START Dataset records

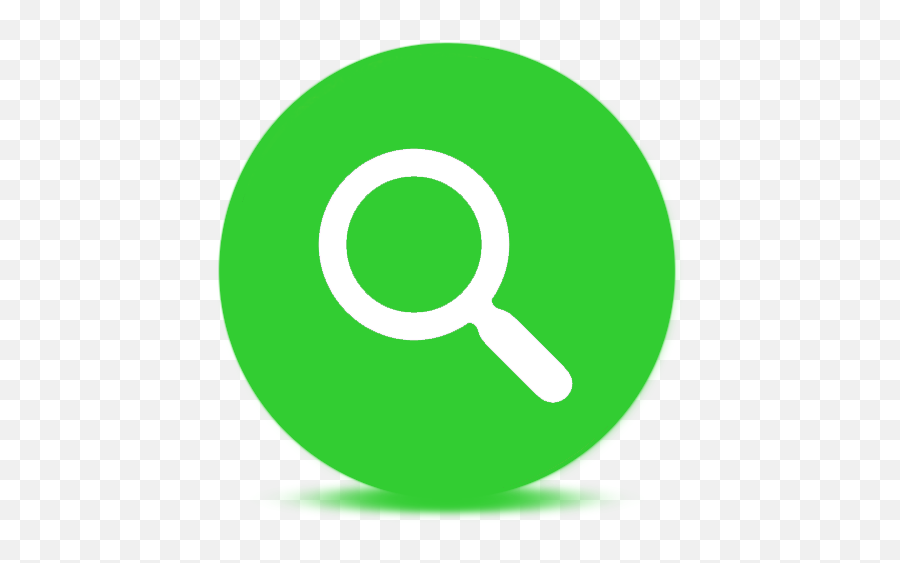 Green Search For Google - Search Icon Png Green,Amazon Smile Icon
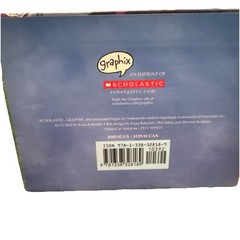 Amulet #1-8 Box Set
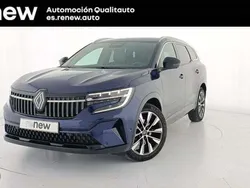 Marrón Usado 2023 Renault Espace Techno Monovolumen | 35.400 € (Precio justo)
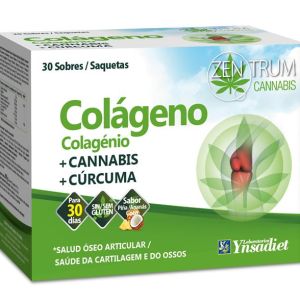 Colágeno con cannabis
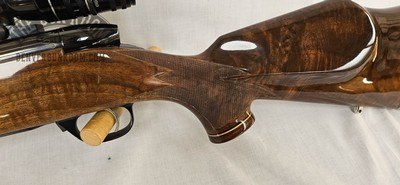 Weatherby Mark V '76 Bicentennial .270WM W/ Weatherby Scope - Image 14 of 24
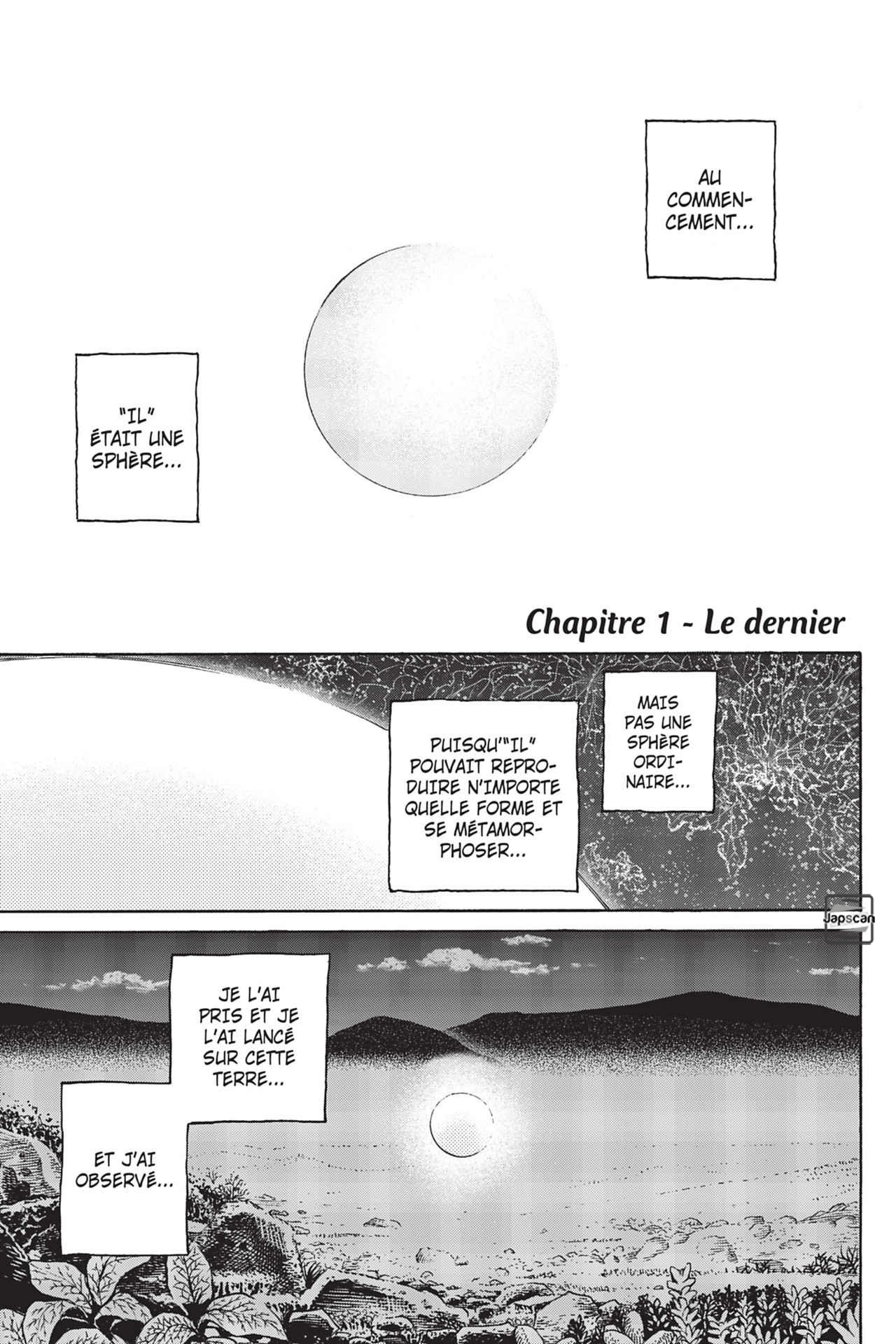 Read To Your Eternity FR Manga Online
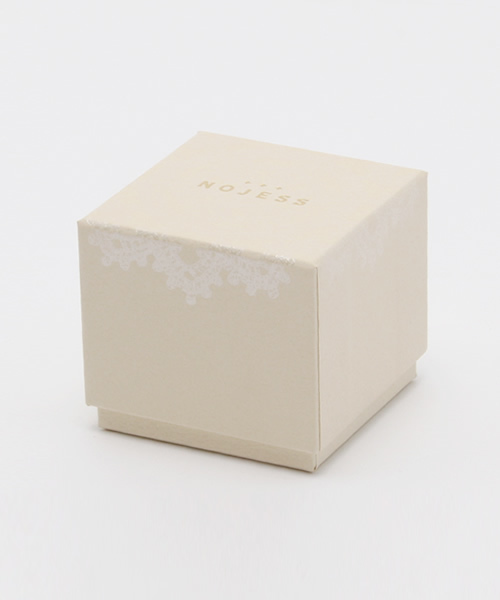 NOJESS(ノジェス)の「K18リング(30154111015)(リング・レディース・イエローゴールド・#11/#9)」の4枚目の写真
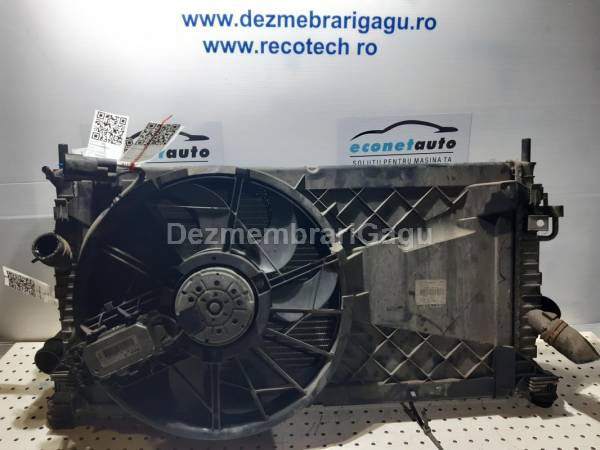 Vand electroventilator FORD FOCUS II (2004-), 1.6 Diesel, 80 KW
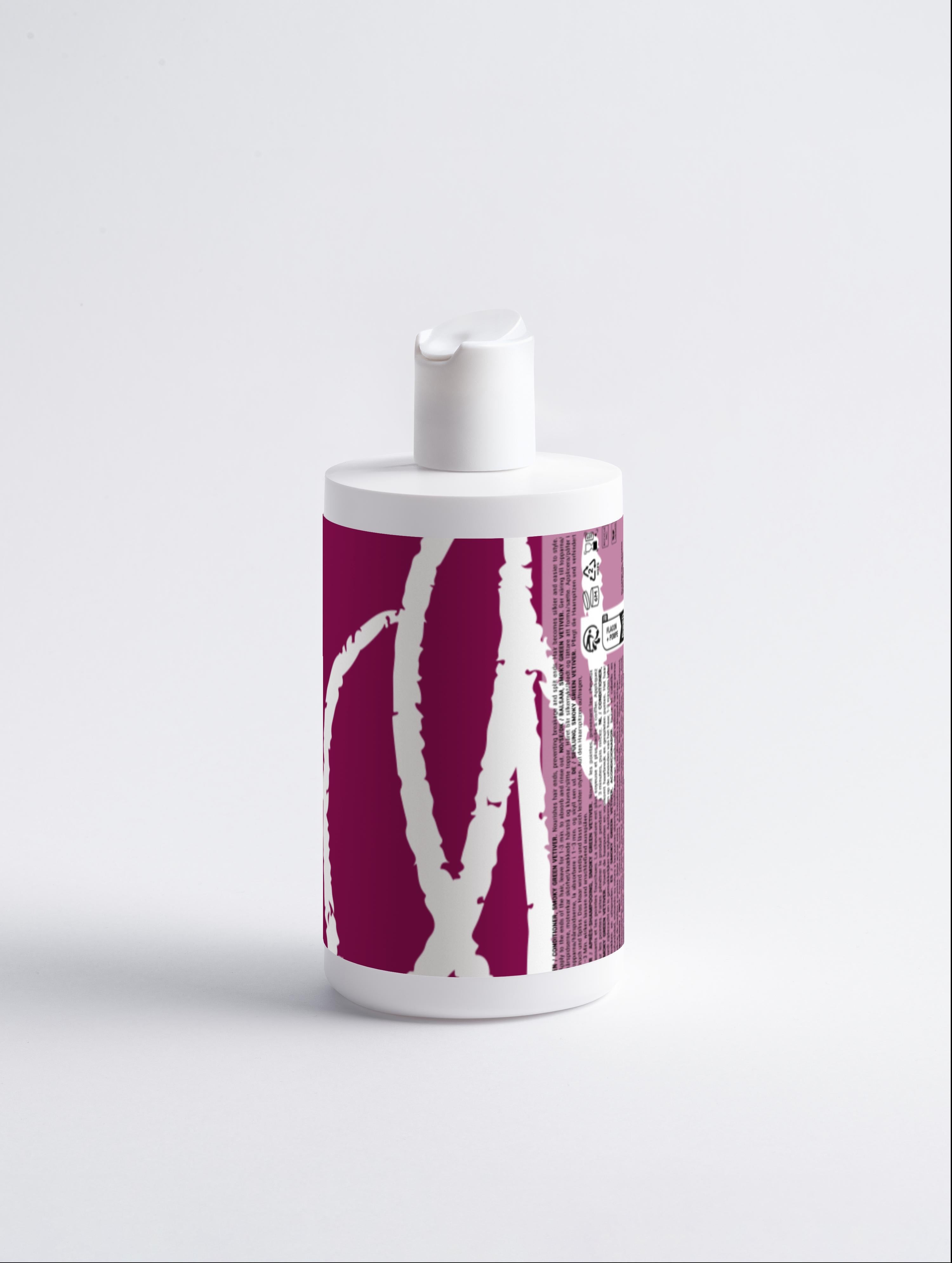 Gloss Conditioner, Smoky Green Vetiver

END Dataset records
START Dataset records

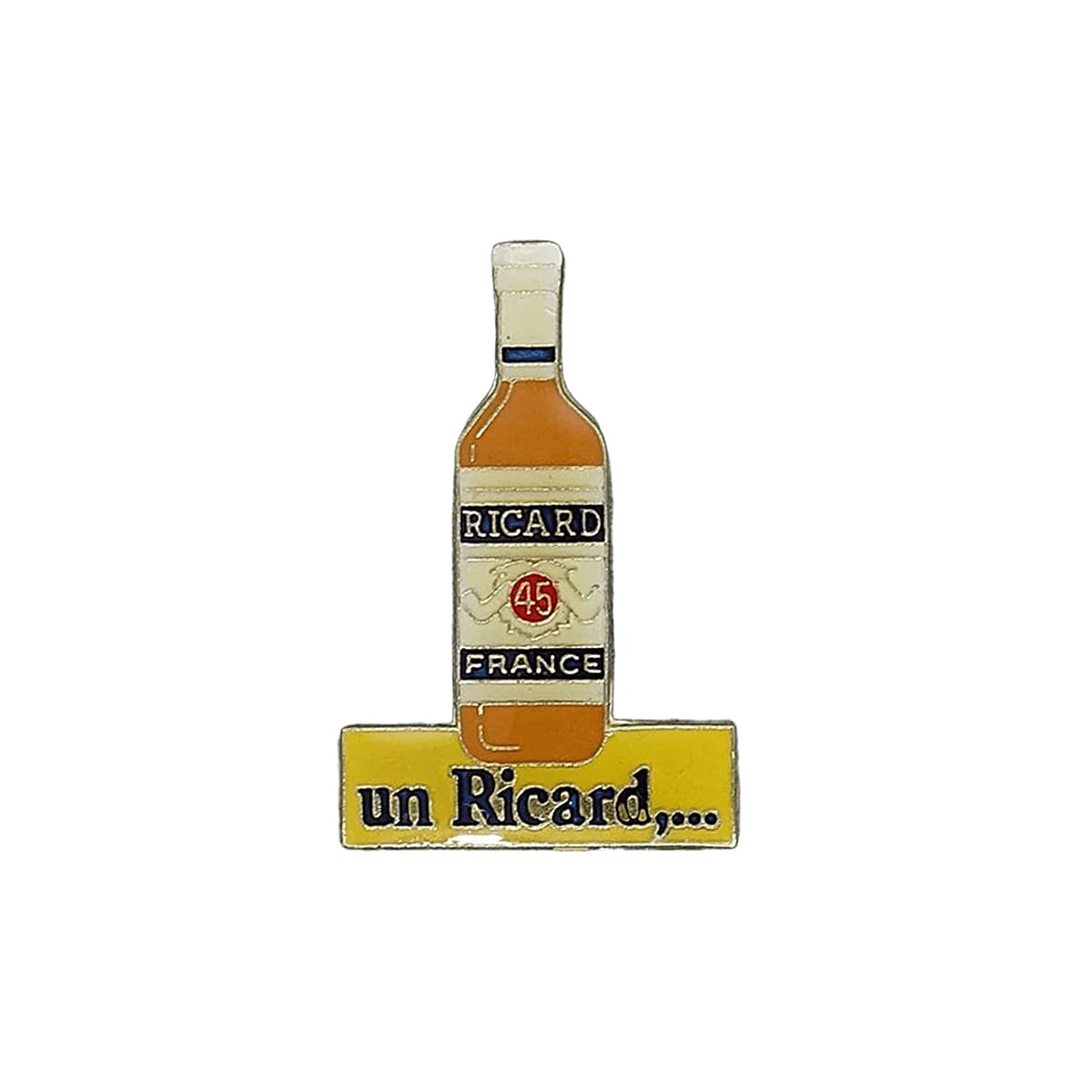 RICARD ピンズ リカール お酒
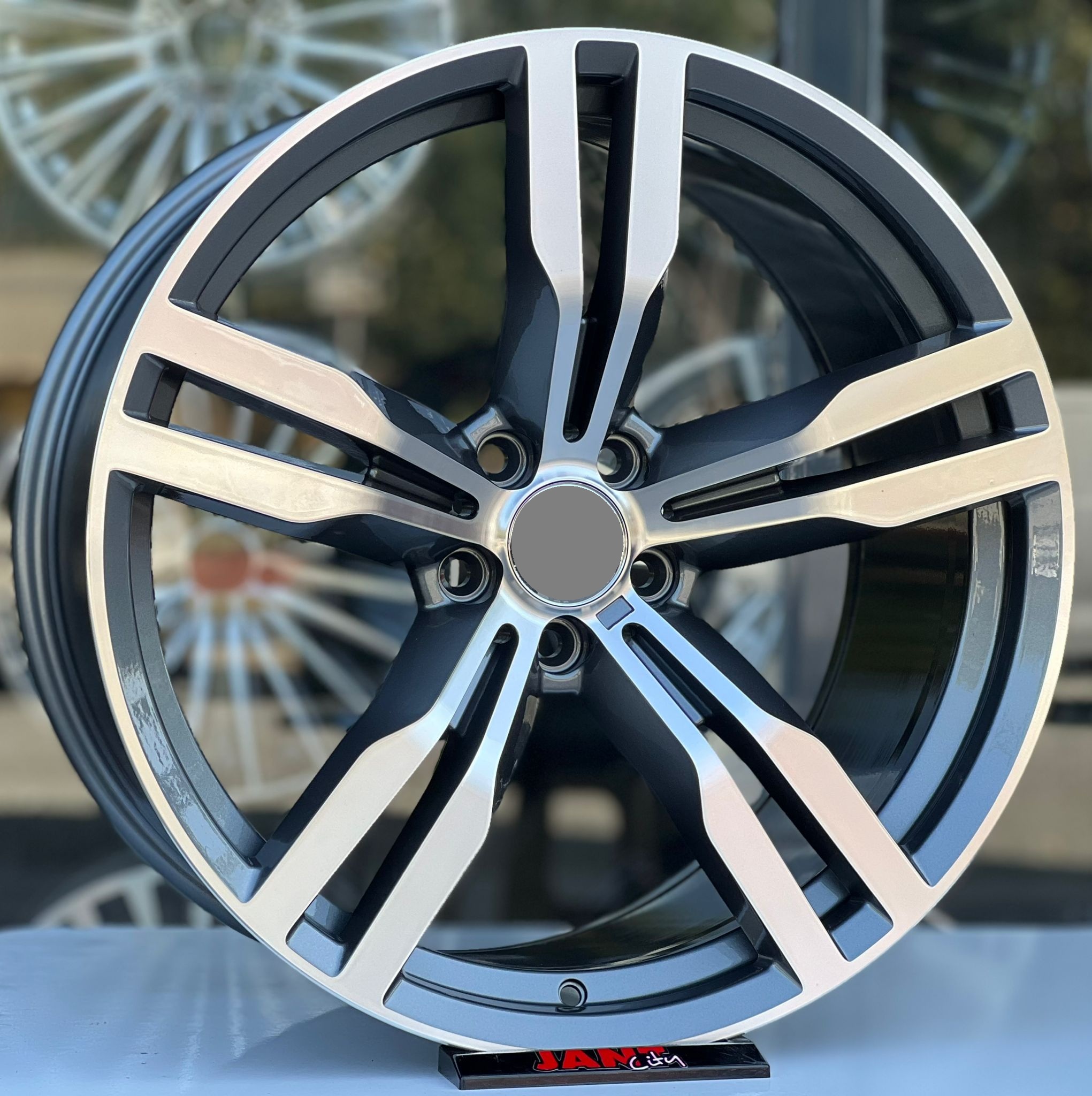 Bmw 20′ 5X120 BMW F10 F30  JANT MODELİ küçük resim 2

END Dataset records
START Dataset records

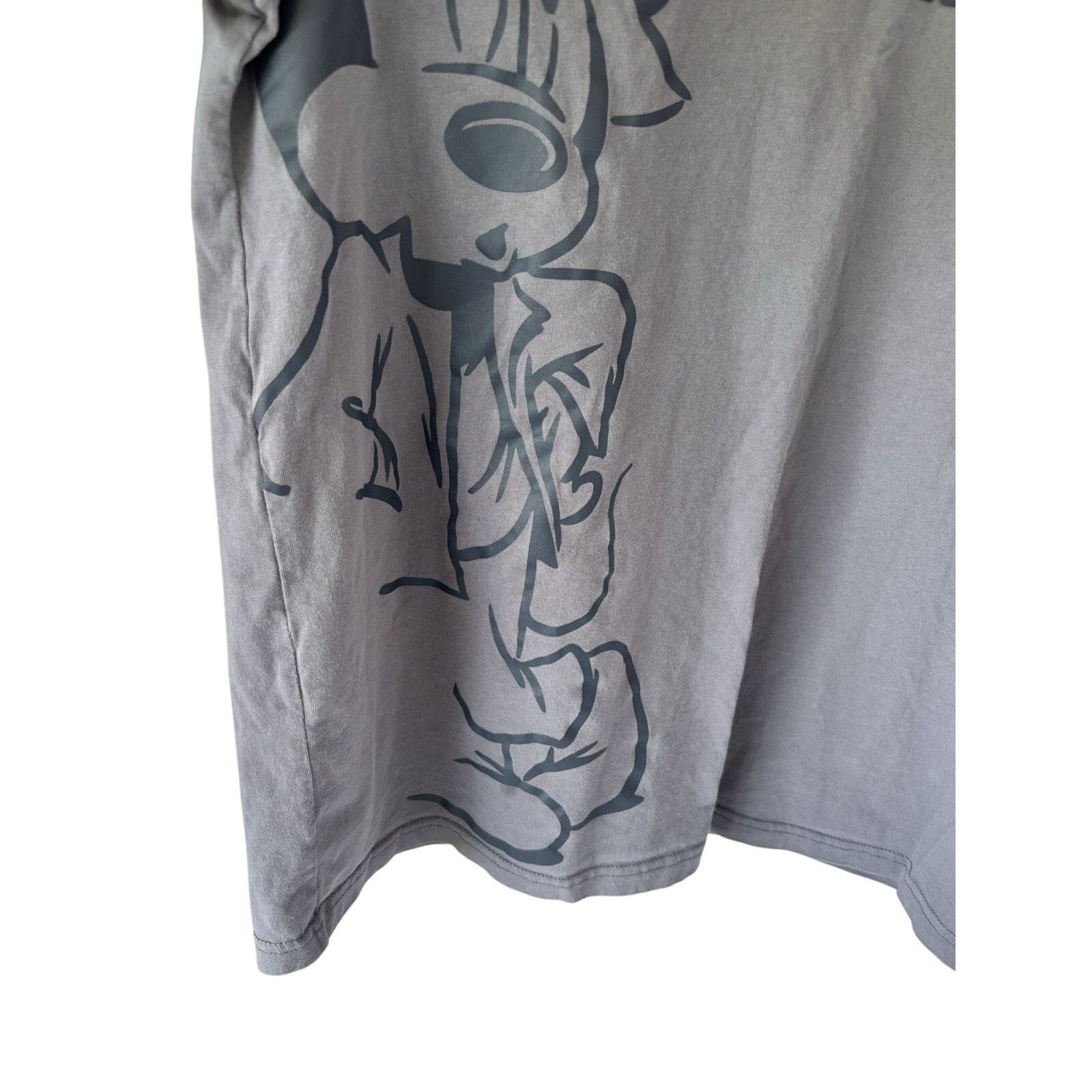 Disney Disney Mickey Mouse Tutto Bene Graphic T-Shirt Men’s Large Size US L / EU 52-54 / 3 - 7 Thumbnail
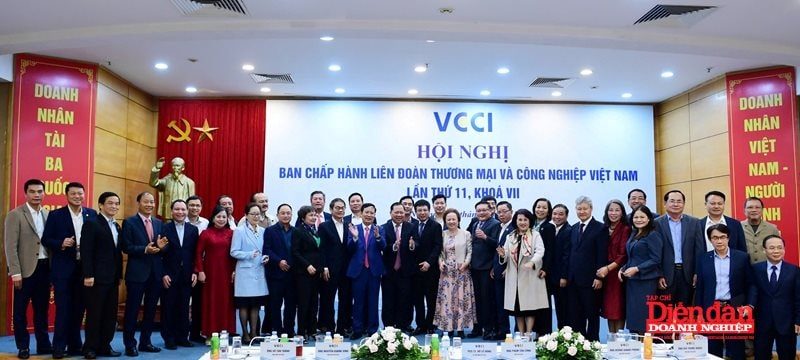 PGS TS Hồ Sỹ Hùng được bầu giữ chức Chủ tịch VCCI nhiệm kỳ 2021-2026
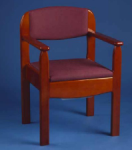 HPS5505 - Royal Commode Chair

END Dataset records

### Try it
Leaving all pictures out, output exactly the lines of the material above from the line with "Weatherby Mark V" to the line with "NOJESS(ノジェス)の「", both included.

### Your solution
 Weatherby Mark V '76 Bicentennial .270WM W/ Weatherby Scope - Image 14 of 24
 Read To Your Eternity FR Manga Online
 NOJESS(ノジェス)の「K18リング(30154111015)(リング・レディース・イエローゴールド・#11/#9)」の4枚目の写真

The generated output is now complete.